▶ **ABOUT THIS EXERCISE**
From the entries below, write out exactly the lines between the line holding "Reema Round Rattan" and the line holding "Uxcell 3Pcs Diamond", inclusive, excluding any pictures.

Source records
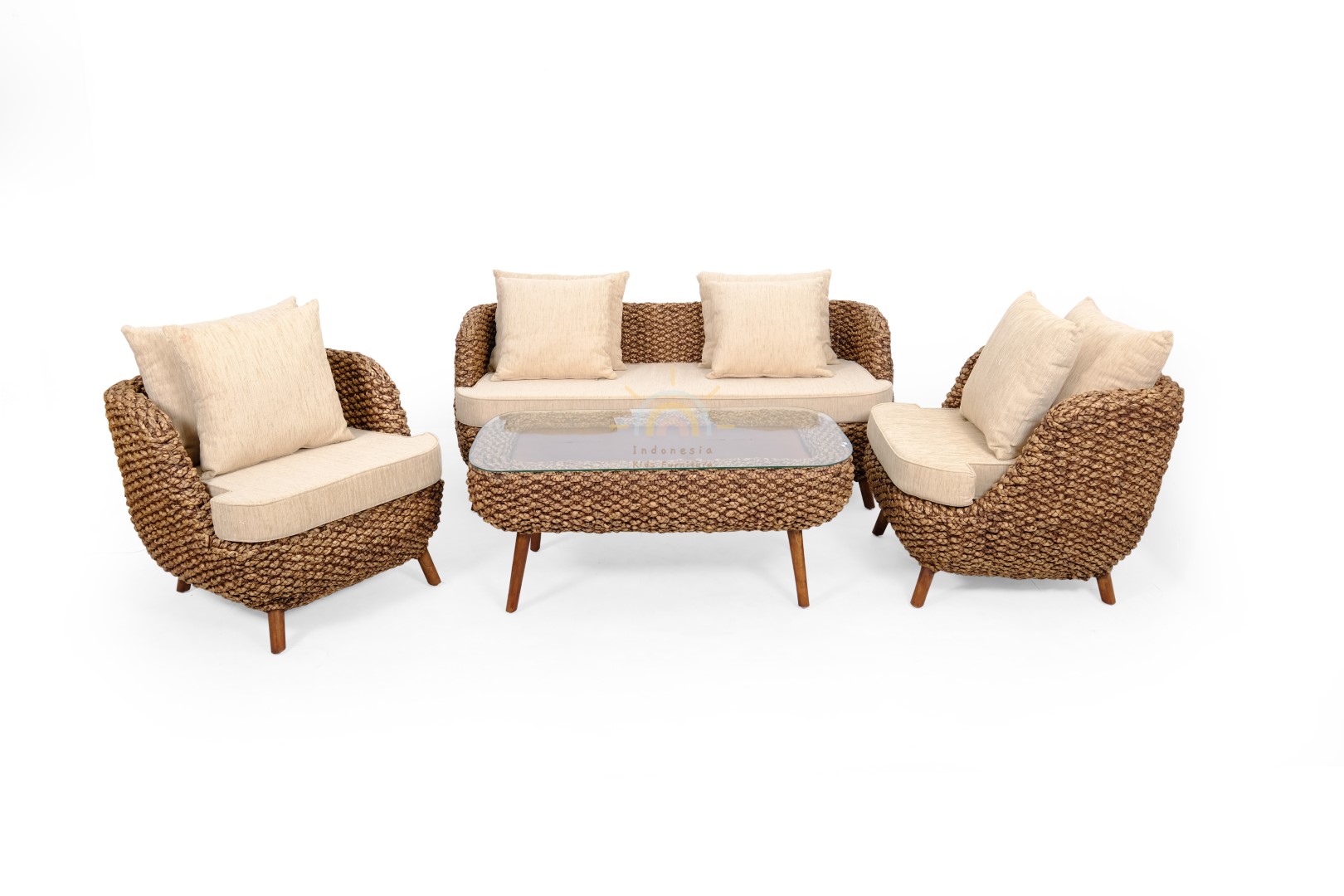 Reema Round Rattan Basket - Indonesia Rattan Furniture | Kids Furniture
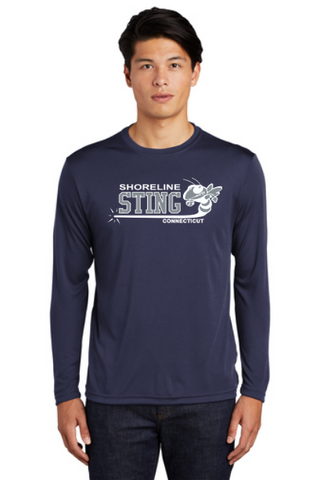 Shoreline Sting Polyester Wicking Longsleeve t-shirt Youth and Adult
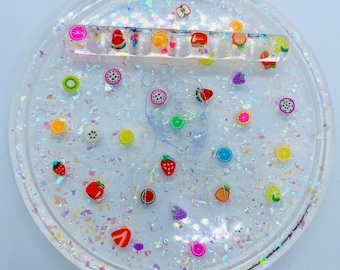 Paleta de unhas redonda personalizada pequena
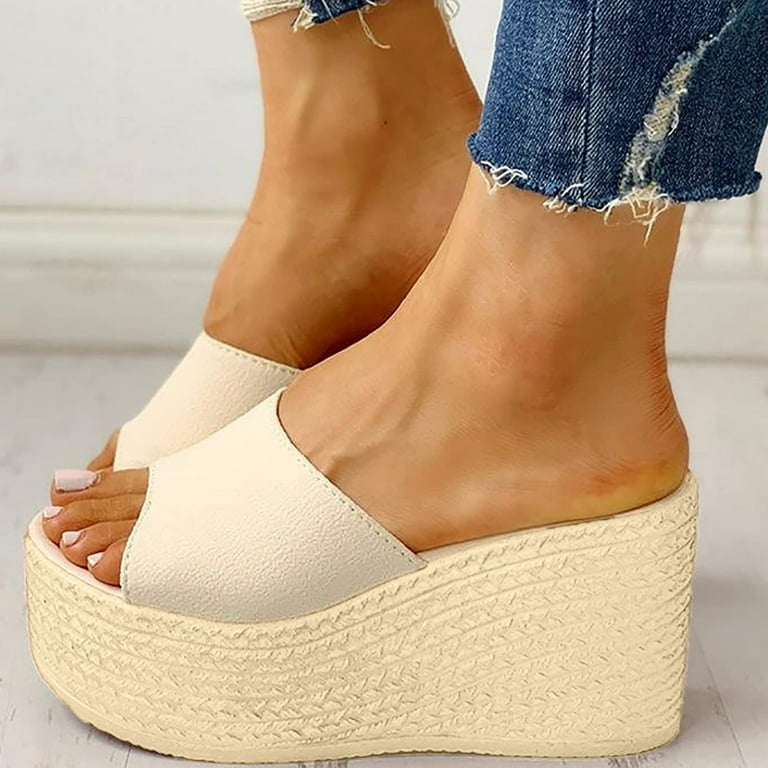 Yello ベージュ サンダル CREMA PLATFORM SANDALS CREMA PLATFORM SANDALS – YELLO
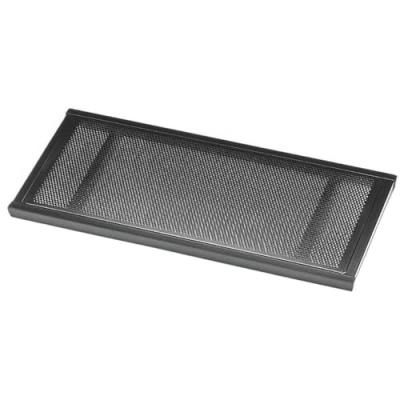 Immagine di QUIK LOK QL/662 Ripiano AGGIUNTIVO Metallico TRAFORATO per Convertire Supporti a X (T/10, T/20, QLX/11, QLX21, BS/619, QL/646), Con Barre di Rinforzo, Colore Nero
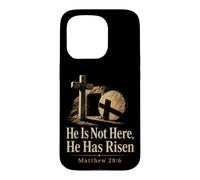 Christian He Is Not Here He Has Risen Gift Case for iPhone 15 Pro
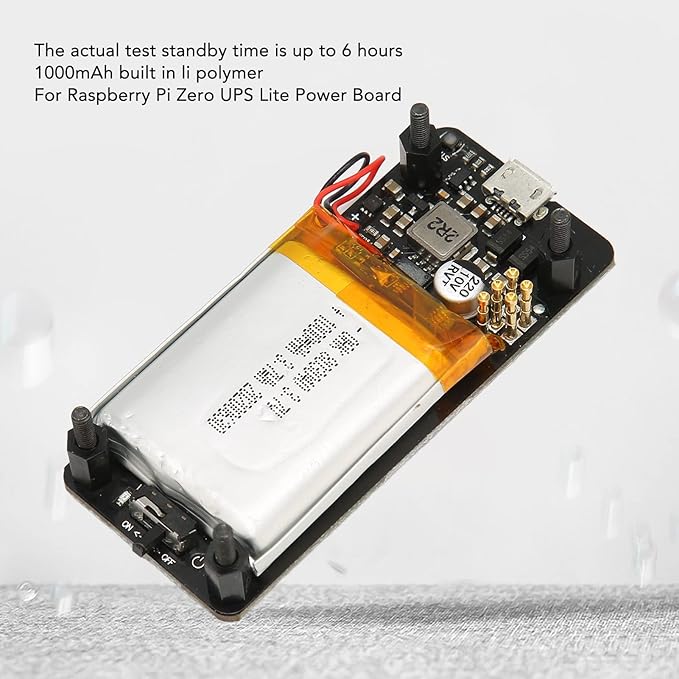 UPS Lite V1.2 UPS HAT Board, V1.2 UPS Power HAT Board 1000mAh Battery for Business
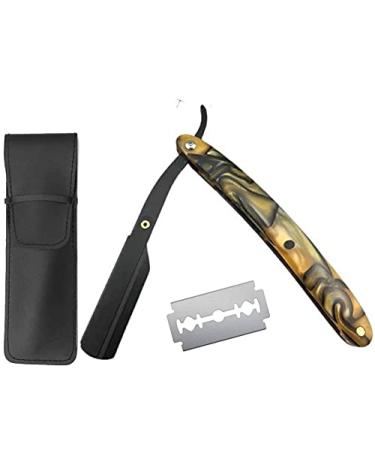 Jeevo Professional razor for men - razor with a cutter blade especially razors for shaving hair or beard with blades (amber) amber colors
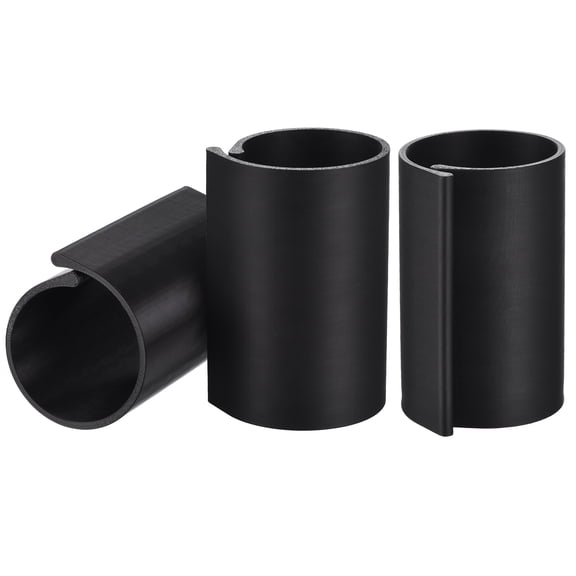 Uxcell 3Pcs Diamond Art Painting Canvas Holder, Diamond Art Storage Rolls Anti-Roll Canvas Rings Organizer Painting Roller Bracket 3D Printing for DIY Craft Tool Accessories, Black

--

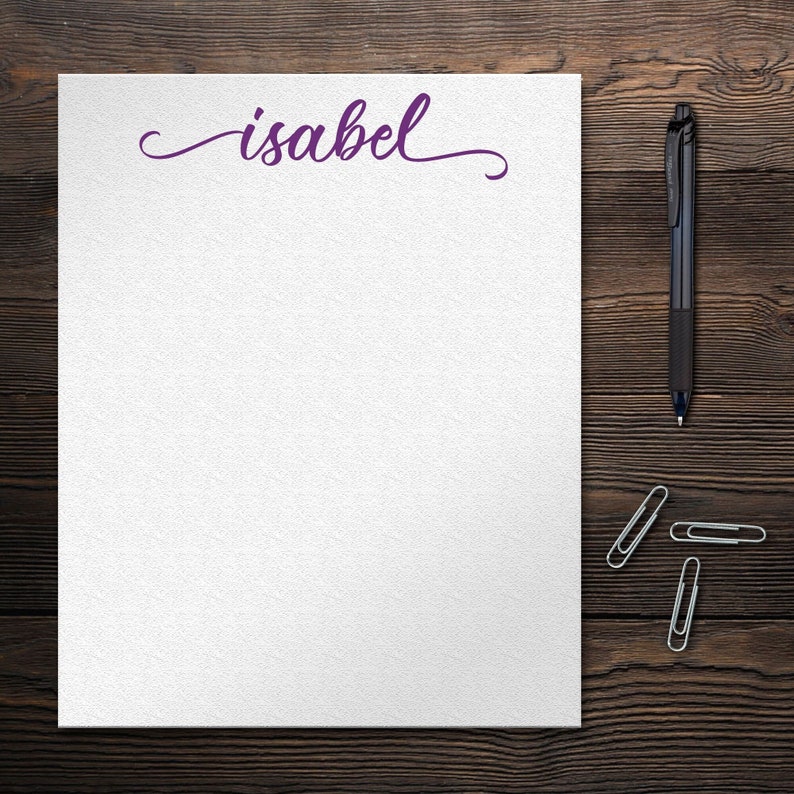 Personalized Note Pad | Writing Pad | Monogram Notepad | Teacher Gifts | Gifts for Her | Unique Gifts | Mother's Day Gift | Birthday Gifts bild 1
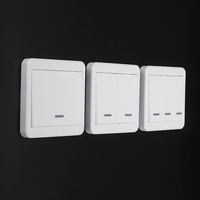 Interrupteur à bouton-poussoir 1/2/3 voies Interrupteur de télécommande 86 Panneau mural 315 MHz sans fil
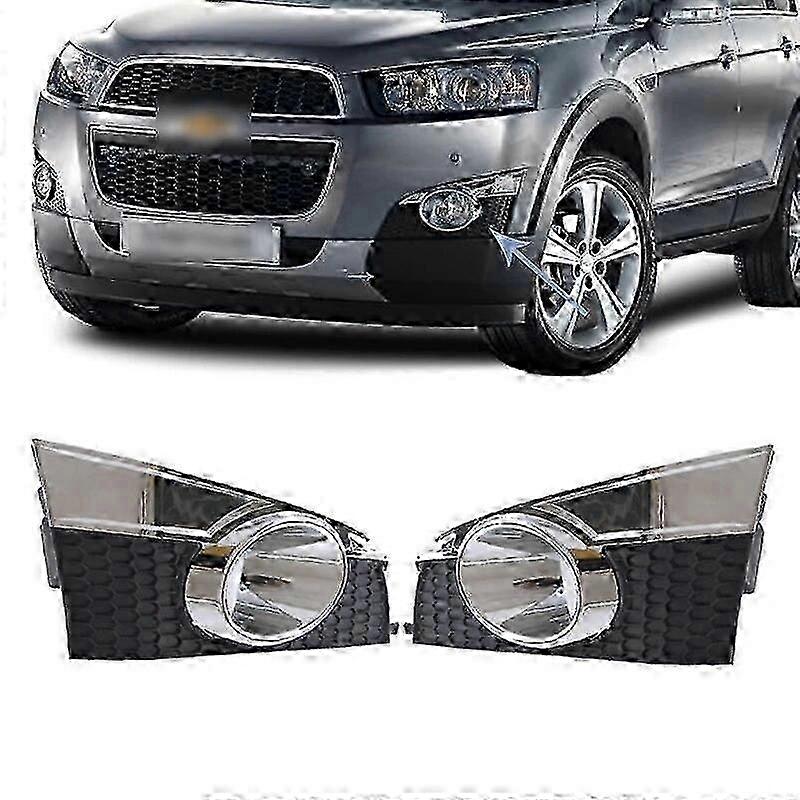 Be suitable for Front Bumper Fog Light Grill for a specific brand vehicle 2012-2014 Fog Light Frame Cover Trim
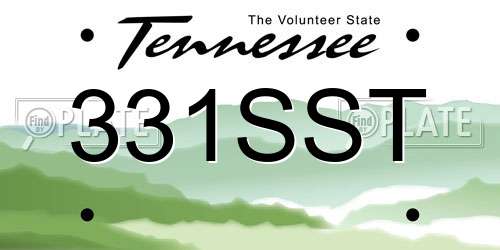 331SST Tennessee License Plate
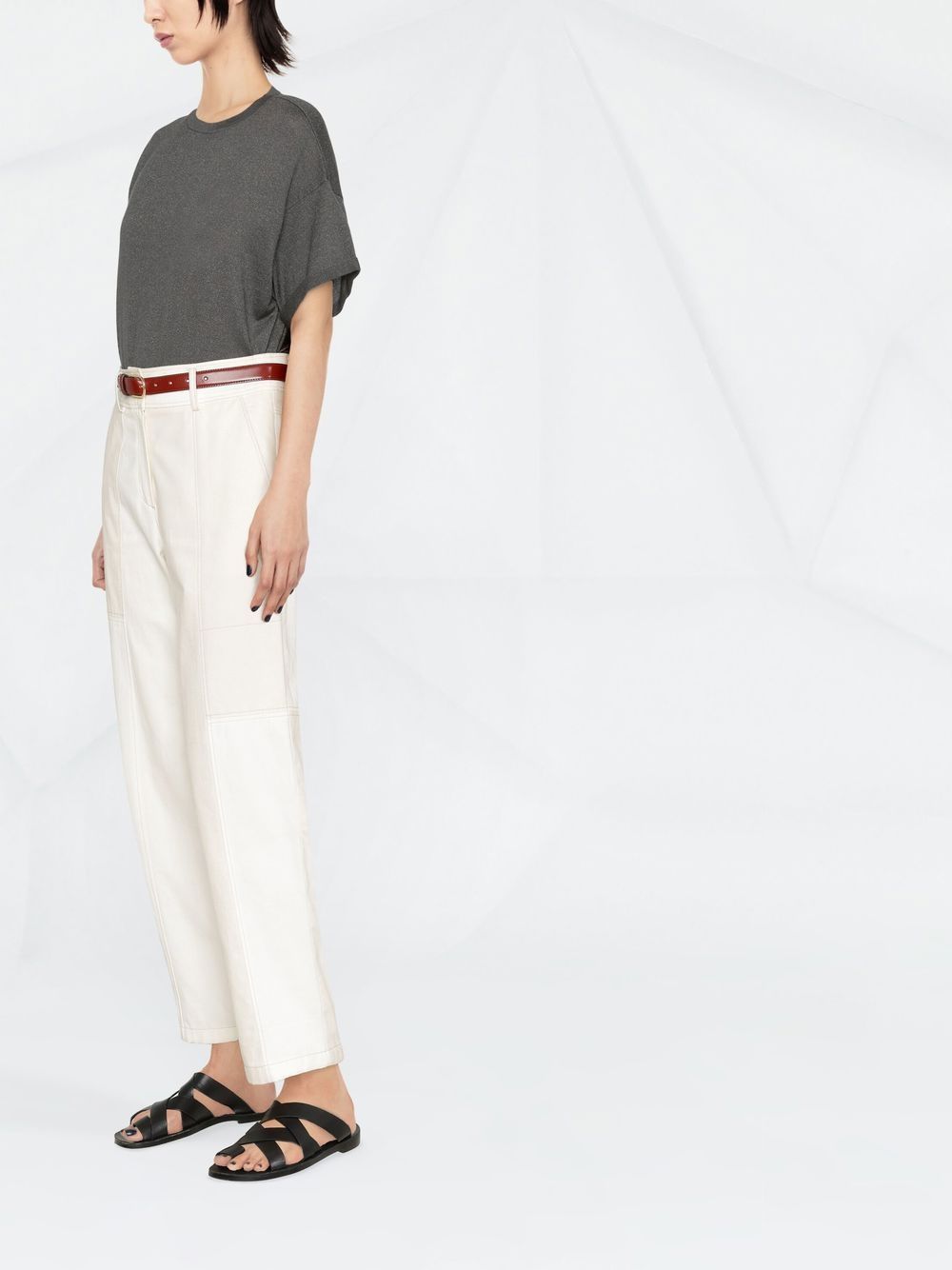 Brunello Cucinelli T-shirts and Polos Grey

* * *

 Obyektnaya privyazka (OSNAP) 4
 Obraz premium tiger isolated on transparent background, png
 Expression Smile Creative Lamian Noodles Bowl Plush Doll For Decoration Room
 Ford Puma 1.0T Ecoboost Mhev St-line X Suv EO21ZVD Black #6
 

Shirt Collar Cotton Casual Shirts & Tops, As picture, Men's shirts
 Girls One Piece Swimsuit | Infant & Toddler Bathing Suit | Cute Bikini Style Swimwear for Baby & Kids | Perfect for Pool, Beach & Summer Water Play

▶ **COMPLETED TASK**
 Reema Round Rattan Basket - Indonesia Rattan Furniture | Kids Furniture
 Shoreline Sting Polyester Wicking Longsleeve t-shirt Youth and Adult
 Paleta de unhas redonda personalizada pequena
 Yello ベージュ サンダル CREMA PLATFORM SANDALS CREMA PLATFORM SANDALS – YELLO
 Immagine di QUIK LOK QL/662 Ripiano AGGIUNTIVO Metallico TRAFORATO per Convertire Supporti a X (T/10, T/20, QLX/11, QLX21, BS/619, QL/646), Con Barre di Rinforzo, Colore Nero
 Christian He Is Not Here He Has Risen Gift Case for iPhone 15 Pro
 UPS Lite V1.2 UPS HAT Board, V1.2 UPS Power HAT Board 1000mAh Battery for Business
 Jeevo Professional razor for men - razor with a cutter blade especially razors for shaving hair or beard with blades (amber) amber colors
 Uxcell 3Pcs Diamond Art Painting Canvas Holder, Diamond Art Storage Rolls Anti-Roll Canvas Rings Organizer Painting Roller Bracket 3D Printing for DIY Craft Tool Accessories, Black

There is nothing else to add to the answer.